• Task details: Of all the entries below, retype only the lines from the one with "White Anemone - Minimalist Beauty White" through the one with "1pc Versatile Stylish", exactly as they appear.
++++
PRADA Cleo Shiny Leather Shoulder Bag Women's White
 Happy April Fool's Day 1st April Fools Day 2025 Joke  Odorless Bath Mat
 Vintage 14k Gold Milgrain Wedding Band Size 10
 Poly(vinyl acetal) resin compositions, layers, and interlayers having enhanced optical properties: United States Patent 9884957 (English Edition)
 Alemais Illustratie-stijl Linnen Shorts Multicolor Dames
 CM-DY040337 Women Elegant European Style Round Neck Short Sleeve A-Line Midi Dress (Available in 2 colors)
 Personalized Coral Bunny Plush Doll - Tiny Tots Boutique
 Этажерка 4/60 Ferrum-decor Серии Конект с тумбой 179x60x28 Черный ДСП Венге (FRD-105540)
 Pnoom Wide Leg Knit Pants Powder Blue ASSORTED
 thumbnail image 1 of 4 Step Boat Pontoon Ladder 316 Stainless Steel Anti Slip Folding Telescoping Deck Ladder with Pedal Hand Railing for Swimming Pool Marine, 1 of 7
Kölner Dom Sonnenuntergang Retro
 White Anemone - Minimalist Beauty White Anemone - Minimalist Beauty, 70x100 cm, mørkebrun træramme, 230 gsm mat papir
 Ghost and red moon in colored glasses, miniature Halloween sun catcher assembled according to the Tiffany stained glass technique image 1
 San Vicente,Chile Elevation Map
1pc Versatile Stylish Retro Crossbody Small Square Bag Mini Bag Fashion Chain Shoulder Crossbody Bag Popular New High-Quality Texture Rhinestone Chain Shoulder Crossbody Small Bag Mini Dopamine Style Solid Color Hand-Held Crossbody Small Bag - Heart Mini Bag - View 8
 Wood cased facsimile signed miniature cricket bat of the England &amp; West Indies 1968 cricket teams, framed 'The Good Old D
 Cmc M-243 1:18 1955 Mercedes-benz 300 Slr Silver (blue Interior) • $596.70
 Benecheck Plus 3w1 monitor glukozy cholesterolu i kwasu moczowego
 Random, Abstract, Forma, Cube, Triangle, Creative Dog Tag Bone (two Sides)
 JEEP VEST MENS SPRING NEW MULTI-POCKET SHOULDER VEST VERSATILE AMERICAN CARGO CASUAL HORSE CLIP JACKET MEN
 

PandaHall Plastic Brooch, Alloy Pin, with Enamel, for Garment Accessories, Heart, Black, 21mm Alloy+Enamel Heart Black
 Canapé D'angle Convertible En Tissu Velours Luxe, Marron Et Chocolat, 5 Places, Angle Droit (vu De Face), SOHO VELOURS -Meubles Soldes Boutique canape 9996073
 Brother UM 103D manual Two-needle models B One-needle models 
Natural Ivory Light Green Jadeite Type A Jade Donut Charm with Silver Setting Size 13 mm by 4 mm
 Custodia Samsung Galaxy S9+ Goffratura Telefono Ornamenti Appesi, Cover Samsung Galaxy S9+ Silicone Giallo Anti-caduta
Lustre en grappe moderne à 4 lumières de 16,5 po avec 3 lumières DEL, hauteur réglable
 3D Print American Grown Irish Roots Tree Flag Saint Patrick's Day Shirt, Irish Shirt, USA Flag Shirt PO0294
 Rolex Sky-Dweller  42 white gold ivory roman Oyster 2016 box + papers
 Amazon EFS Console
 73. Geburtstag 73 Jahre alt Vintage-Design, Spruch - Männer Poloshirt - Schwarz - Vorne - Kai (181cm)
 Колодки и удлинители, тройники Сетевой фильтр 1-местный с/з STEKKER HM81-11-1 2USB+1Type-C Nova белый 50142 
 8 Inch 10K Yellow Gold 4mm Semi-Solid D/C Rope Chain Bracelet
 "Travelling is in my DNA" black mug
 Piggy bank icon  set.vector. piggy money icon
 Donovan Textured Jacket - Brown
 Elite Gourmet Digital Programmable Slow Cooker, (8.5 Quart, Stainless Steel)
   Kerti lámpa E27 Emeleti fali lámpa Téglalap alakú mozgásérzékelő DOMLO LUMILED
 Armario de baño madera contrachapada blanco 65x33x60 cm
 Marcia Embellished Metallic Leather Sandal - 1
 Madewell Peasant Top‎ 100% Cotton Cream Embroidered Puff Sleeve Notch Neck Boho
++++
• Written answer:
 White Anemone - Minimalist Beauty White Anemone - Minimalist Beauty, 70x100 cm, mørkebrun træramme, 230 gsm mat papir
 Ghost and red moon in colored glasses, miniature Halloween sun catcher assembled according to the Tiffany stained glass technique image 1
 San Vicente,Chile Elevation Map
1pc Versatile Stylish Retro Crossbody Small Square Bag Mini Bag Fashion Chain Shoulder Crossbody Bag Popular New High-Quality Texture Rhinestone Chain Shoulder Crossbody Small Bag Mini Dopamine Style Solid Color Hand-Held Crossbody Small Bag - Heart Mini Bag - View 8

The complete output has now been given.